### SUPPLIED RECORDS

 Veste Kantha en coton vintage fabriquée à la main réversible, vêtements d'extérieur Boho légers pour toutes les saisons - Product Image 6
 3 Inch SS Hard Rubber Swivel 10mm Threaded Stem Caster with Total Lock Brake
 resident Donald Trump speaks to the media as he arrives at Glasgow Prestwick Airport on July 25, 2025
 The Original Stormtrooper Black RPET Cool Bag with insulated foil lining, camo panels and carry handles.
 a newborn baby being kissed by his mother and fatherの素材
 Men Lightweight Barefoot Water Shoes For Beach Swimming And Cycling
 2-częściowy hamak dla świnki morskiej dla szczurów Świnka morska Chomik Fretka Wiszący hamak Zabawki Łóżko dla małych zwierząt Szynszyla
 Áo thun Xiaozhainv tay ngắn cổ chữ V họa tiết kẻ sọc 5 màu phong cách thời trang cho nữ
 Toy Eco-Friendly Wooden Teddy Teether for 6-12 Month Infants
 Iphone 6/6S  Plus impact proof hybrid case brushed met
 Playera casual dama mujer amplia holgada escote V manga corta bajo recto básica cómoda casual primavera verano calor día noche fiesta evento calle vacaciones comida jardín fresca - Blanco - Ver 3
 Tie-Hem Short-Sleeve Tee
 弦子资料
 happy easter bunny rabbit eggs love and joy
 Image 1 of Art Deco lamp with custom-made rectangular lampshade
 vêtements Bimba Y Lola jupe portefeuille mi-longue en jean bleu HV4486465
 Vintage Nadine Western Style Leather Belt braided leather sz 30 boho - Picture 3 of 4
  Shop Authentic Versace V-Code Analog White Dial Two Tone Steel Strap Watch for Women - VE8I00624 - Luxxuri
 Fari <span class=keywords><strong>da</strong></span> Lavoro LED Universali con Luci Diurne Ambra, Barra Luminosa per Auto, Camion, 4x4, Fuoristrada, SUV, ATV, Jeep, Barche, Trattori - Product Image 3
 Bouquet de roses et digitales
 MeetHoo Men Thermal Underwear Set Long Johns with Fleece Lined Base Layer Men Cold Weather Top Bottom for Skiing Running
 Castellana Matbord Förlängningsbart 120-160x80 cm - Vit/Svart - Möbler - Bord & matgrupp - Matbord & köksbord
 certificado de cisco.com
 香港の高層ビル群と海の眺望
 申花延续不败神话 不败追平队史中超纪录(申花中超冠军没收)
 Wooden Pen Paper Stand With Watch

######

WORK ORDER
What lines of the data include the word "Watch"? Copy each of them.

EXERCISE OUTPUT
  Shop Authentic Versace V-Code Analog White Dial Two Tone Steel Strap Watch for Women - VE8I00624 - Luxxuri
 Wooden Pen Paper Stand With Watch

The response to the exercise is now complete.